The undersigned hereby acknowledges receipt of the Notice of Annual Meeting of
Stockholders and the accompanying Proxy Statement for the 1999 Annual Meeting of
Stockholders, revoking all prior proxies, hereby appoints Fred M. Sturm and
Michael R. Ferron, and each of them, as Proxies, each with the power to appoint
his substitute, and hereby authorizes each of them to represent and to vote as
designated on the reverse side, all the shares of Common Stock of California
Amplifier, Inc. (the "Company") held of record by the undersigned on May 17,
1999 at the Annual Meeting of Stockholders to be held on July 16, 1999 and any
postponements or adjournments thereof.
PLEASE MARK, SIGN, DATE AND RETURN THE PROXY CARD PROMPTLY, USING THE ENCLOSED
ENVELOPE. THIS PROXY WILL BE VOTED IN ACCORDANCE WITH THE INSTRUCTIONS
INDICATED; HOWEVER, IF NO INSTRUCTIONS ARE GIVEN, THIS PROXY WILL BE VOTED IN
FAVOR OF THE NOMINEES FOR DIRECTOR LISTED, IN FAVOR OF THE 1999 STOCK INCENTIVE
PLAN AND IN THE DISCRETION OF THE PROXIES ON ALL SUCH OTHER MATTERS AS MAY
PROPERLY COME BEFORE SUCH MEETING.
(Continued on reverse side)
THIS PROXY WHEN PROPERLY EXECUTED WILL BE VOTED IN THE MANNER DIRECTED HEREIN BY
THE UNDERSIGNED STOCKHOLDER. IF NO INSTRUCTIONS ARE GIVEN, THIS PROXY WILL BE
VOTED IN FAVOR OF THE NOMINEES FOR DIRECTOR LISTED BELOW, IN FAVOR OF THE MATTER
DESCRIBED IN ITEM 2, AND IN THE DISCRETION OF THE PROXIES ON MATTERS DESCRIBED
IN ITEM 3.
1. Election of Directors: Ira Coron, Fred M. Sturm, Thomas L. Ringer,
William E. McKenna, and Arthur H. Hausman
FOR all Nominees listed (except as noted to the contrary below) |_|
WITHHOLD AUTHORITY to vote for all Nominees listed above |_|
(INSTRUCTION: TO WITHHOLD AUTHORITY TO VOTE FOR ANY INDIVIDUAL
NOMINEE, WRITE THAT NOMINEE'S NAME IN THE SPACE PROVIDED BELOW)

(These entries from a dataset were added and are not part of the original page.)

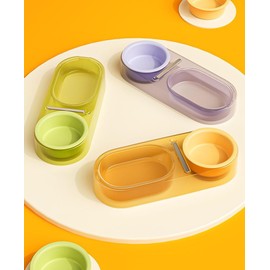 AvitaPaws Ceramic Pet Bowl Set - Whisker Friendly, No-Spill Elevated Bowls for Stress Free Feeding with Non-Slip Base and Easy Access Mixing Spoon for Cats and Puppies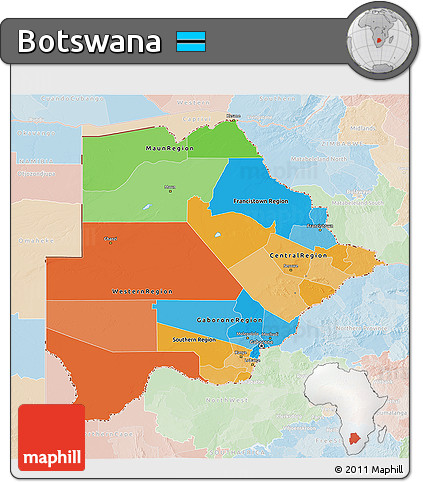 Political 3D Map of Botswana, lighten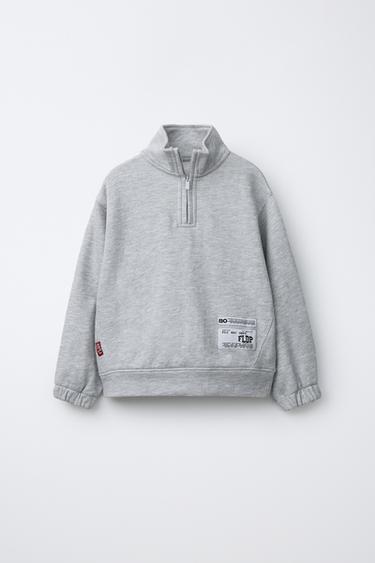 SWEATSHIRT WITH LABEL APPLIQUÉ - Grey marl by Zara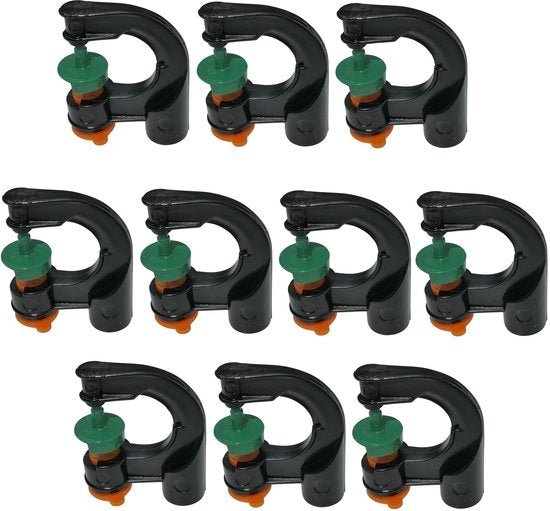 Set di microaspiratori da 10 - 90° Aspiratore - Sistema di irrigazione - Microirrigazione - Copertura 3 m² - Flusso 40 l/h - Materiale plastico - Sistema di aspersione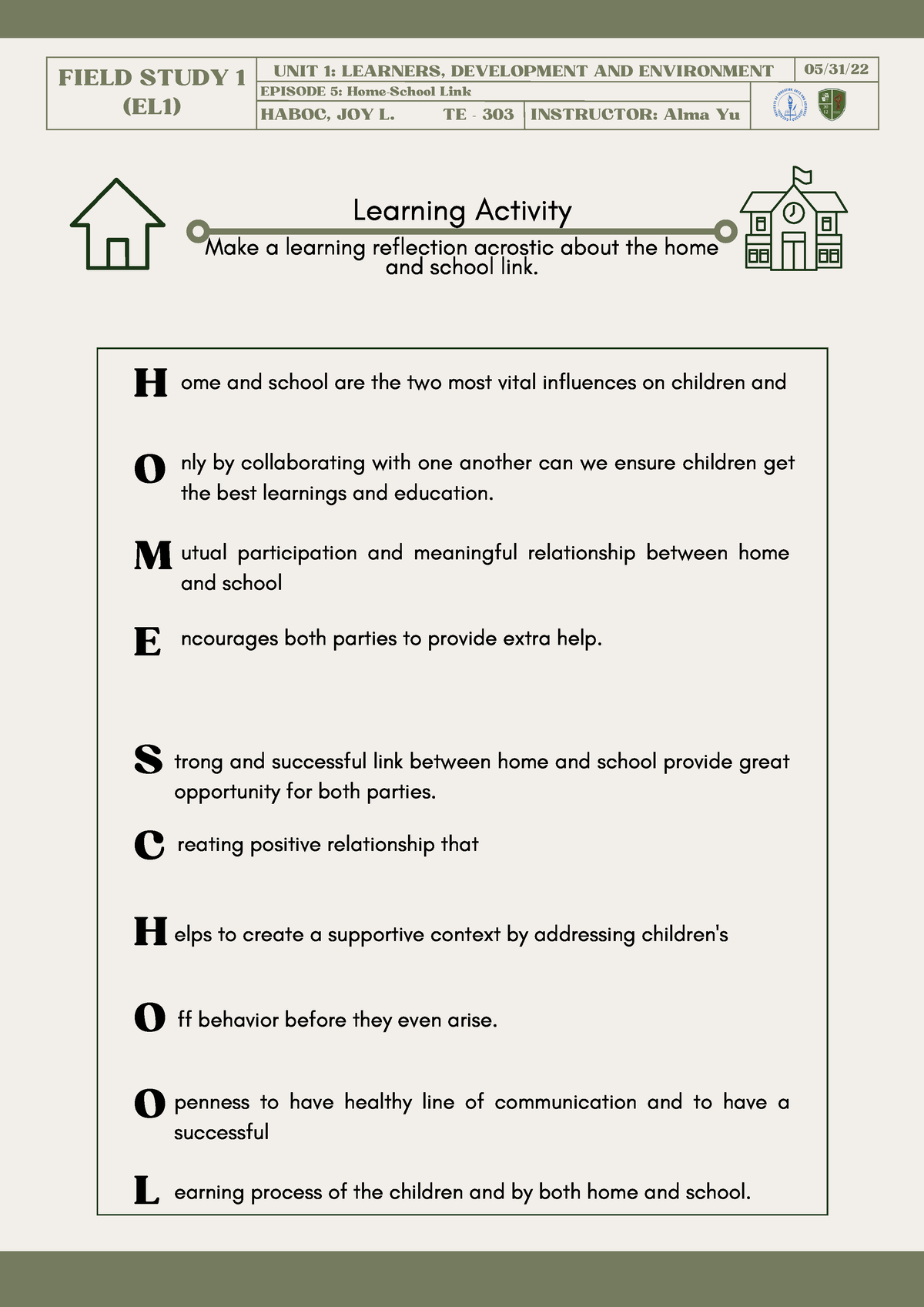 Home School Link Acrostic Examples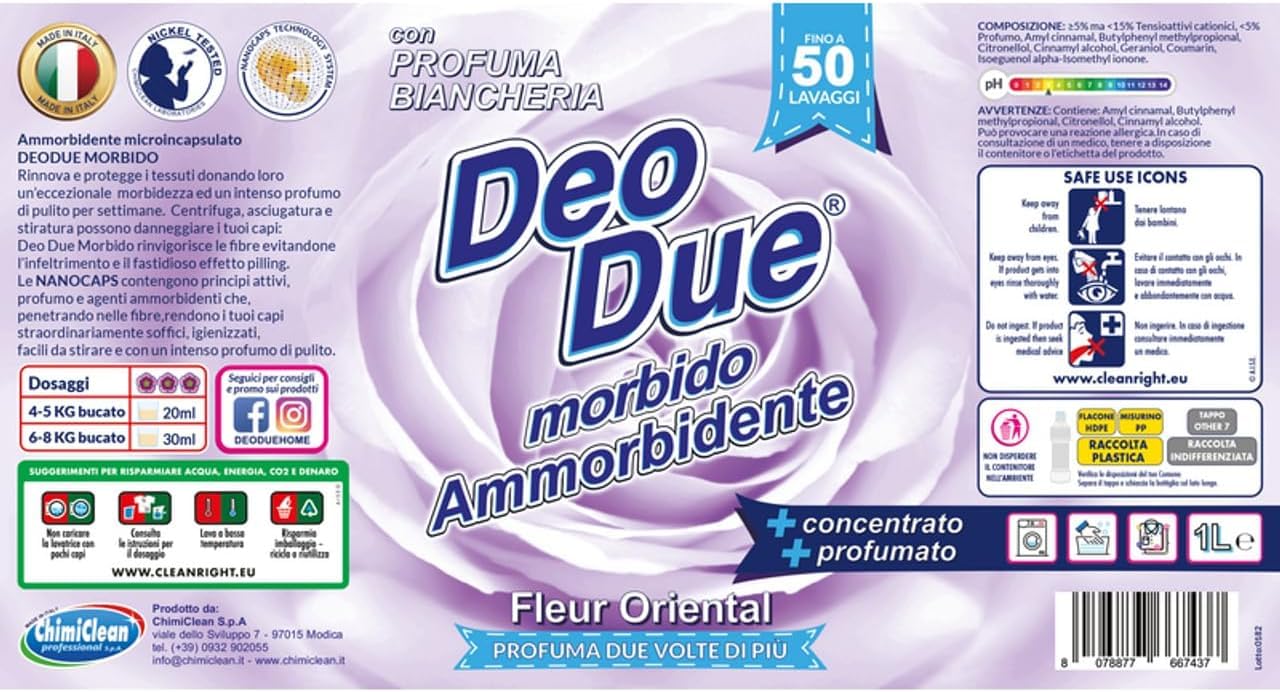 Deo Due Ammorbidente Concentrato Fleur Oriental, ammorbidente concentrato, ideale per tutti i vestiti, 50 lavaggi da 1 l, + portachiavi Italy Shop Service in omaggio, 12 pezzi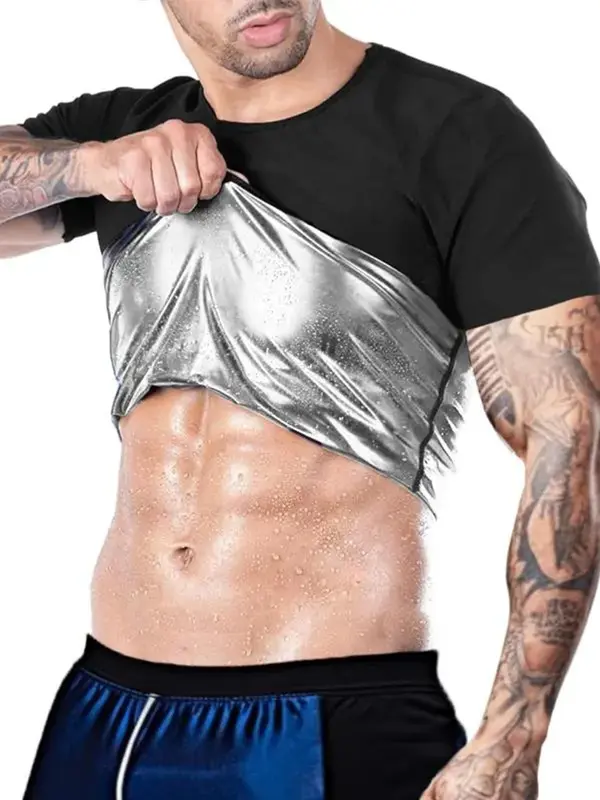 Men's Round Neck Shapewear Top, Plain Comfortable Crew Neck Short Sleeve Shaper, Men's Underwear & Sleepwear for Daily Wear 0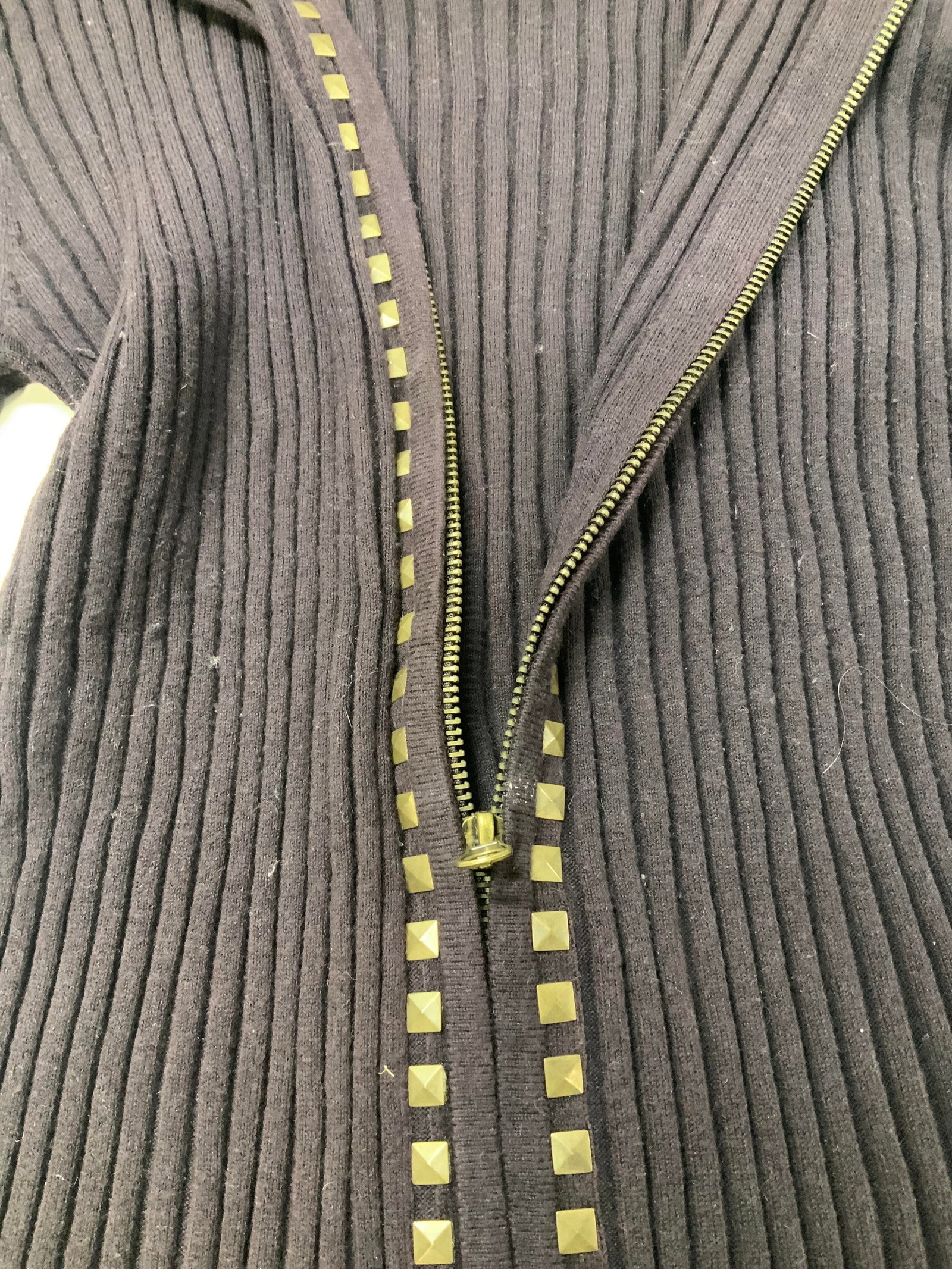 Vntg brown ribbed zip up jacket with studs - 5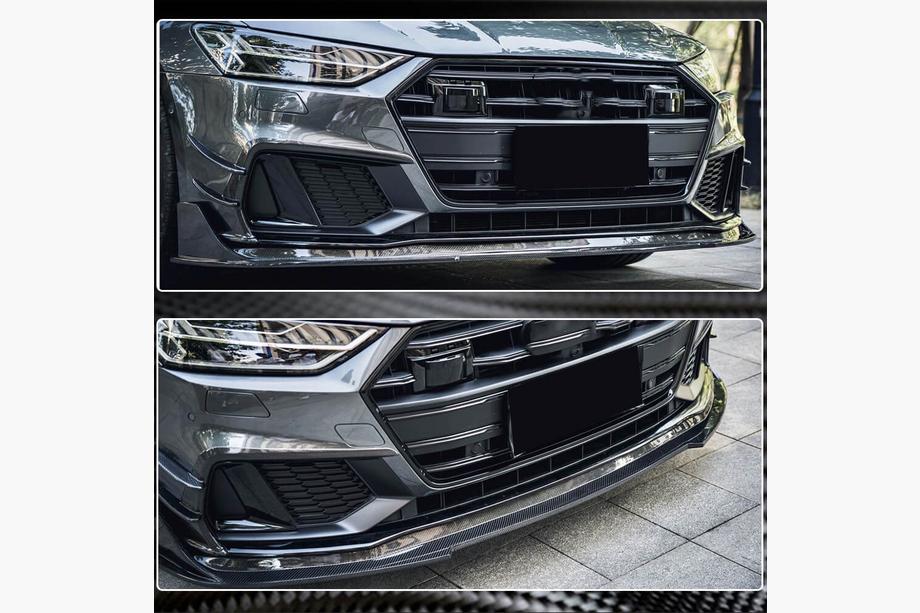 Audi A7 2018- Front Bumper Lip Spoiler (for S-Line 2018-2022, ABS) Photo 4
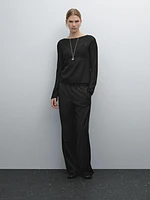Linen blend cutwork sweater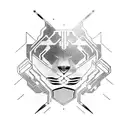 A sci-fi inspired tattoo featuring a panther with cybernetic enhancements tattoo design idea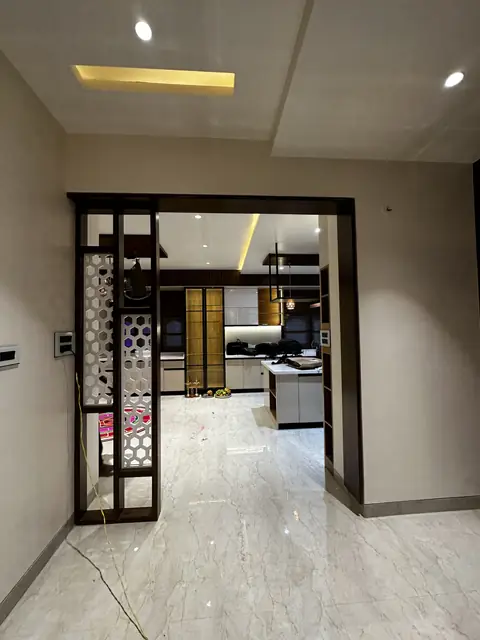 Sliding partition screen into dining area - Mr. Siddanth project, Bangalore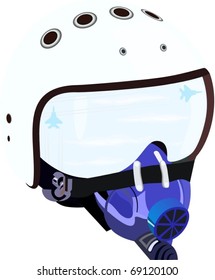 Military Pilot Helmet With Oxygen Mask.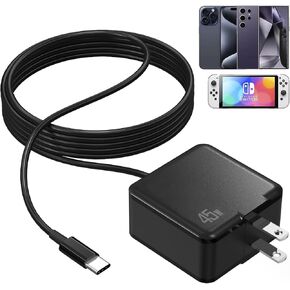45W Fast Charger for Nintendo Switch, USB C Charger for Switch with 6FT Charging Cable, Portable Travel Charger for Nintendo Switch/Switch Lite/Switch OLED/Switch Dock/Laptop/Tablet PC/Phone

2. To consider and vote upon a proposal to approve the California
Amplifier, Inc. 1999 Stock Option Plan.
For |_| Against |_| Abstain |_|
3. In their discretion, the Proxies are authorized to vote upon such other
business as may properly come before such meeting and any and all
postponements or adjournments thereof.
Do you plan to attend the meeting: Yes No
Dated:
Signature:
Title:
Signature if held jointly:
Please sign exactly as the name appears hereon. When shares are held by joint
tenants, both should sign. When signing as attorney, executor, administrator,
trustee or guardian, please give your full title as such. If a corporation,
please sign in full corporate name by the president or other authorized officer.
If a partnership, please sign in the partnership's name by an authorized person.